Stephen & Hayes Construction, Inc. v. Meadowbrook Homes, Inc.

988 F. Supp. 1194, 45 U.S.P.Q. 2d (BNA) 1938, 1998 U.S. Dist. LEXIS 26, 1998 WL 4676
CourtDistrict Court, N.D. Illinois
DecidedJanuary 5, 1998
Docket97 C 4053
StatusPublished
Cited by8 cases

This text of 988 F. Supp. 1194 (Stephen & Hayes Construction, Inc. v. Meadowbrook Homes, Inc.) is published on Counsel Stack Legal Research, covering District Court, N.D. Illinois primary law. Counsel Stack provides free access to over 12 million legal documents including statutes, case law, regulations, and constitutions.

Bluebook
Stephen & Hayes Construction, Inc. v. Meadowbrook Homes, Inc., 988 F. Supp. 1194, 45 U.S.P.Q. 2d (BNA) 1938, 1998 U.S. Dist. LEXIS 26, 1998 WL 4676 (N.D. Ill. 1998).

Opinion

MEMORANDUM OPINION AND ORDER

ALESIA, District Judge.

This matter is before the court on defendant’s motion to dismiss pursuant to Federal Rule of Civil Procedure 12(b)(6) and, alternatively, defendant’s motion for judgment on the pleadings pursuant to Federal Rule of Civil Procedure 12(e).

The motion is granted in part and denied in part.

I.BACKGROUND

Both parties are designers and builders of residential homes. Plaintiff Stephen & Hayes Construction Inc. (“Stephen & Hayes”) alleges that defendant Meadowbrook Homes Inc. (“Meadowbrook”) misappropriated and/or copied Stephen & Hayes’ plans, drawings, styles, concepts, and/or products for particular homes without permission. Specifically, Stephen & Hayes alleges that Meadowbrook built, promoted, and sold homes substantially similar to Stephen & Hayes’ homes; Meadowbrook’s promotional literature is virtually identical to Stephen & Hayes’ literature; and Meadowbrook directed potential home buyers interested in particular homes who could not view these completed homes to view particular homes built by Stephen & Hayes because the Meadow-brook and Stephen' & Hayes’ homes were identical.

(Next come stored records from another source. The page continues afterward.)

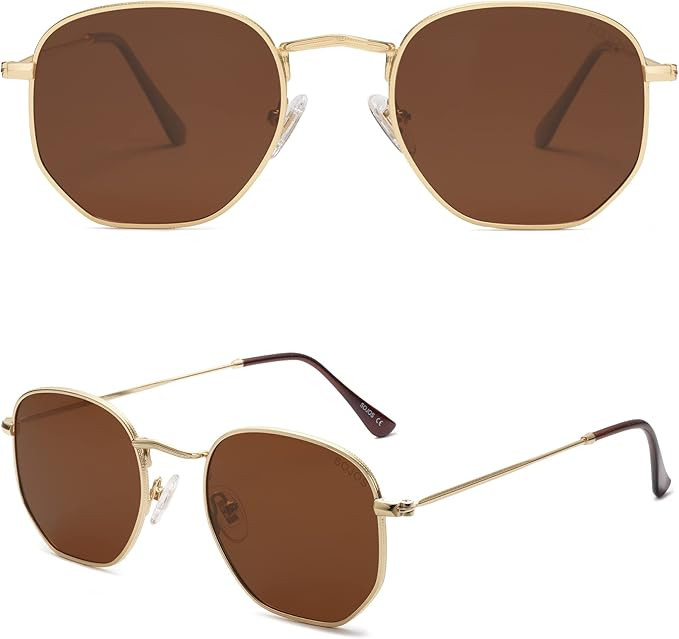 Amazon.com: SOJOS Small Square Polarized Sunglasses for Men and Women Polygon Mirrored Lens SJ107... | Amazon (US)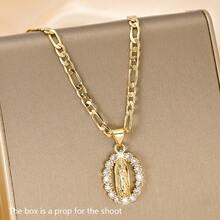 1PC Vintage Religious Style Women's Necklace, Virgin Mary Carving With Delicate Lines, Rich Vintage Charm. 50cm Smooth Figaro Chain Fits Neck Comfortably, Elegant And Sacred Elegant, Suitable For Daily Wear And Religious Worship, Combining Decorative And Commemorative Significance - Yellow Gold - View 9
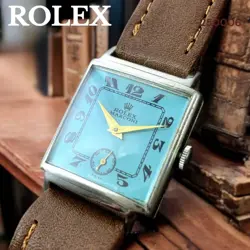 ROLEX MARCONI ANTIQUE VINTAGE BLUE DIAL HAND WINDING WRISTWATCH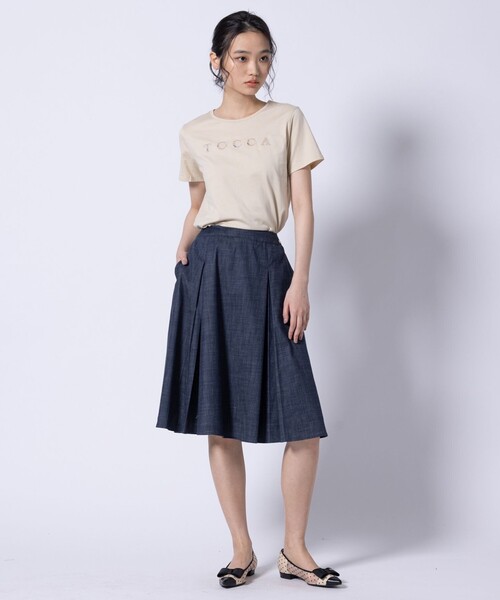 TOCCA（トッカ）の「TEXT LOGO TEE Tシャツ（Tシャツ/カットソー・レディース・ベージュ系/アイボリー系・MEDIUM/SMALL）」の9枚目の写真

Consequently, Stephen & Hayes filed a four count complaint 1 premised on: count I — copyright infringement, 17 U.S.C. § 101, et seq.; count II — Illinois Uniform Deceptive Trade Practices Act (“UDTPA”), 815 ILCS 510/1, et seq.; count III — unfair competition; and count IV — unjust enrichment.

Meadowbrook seeks dismissal or, alternatively, judgment in its favor as to counts II, III, and IV.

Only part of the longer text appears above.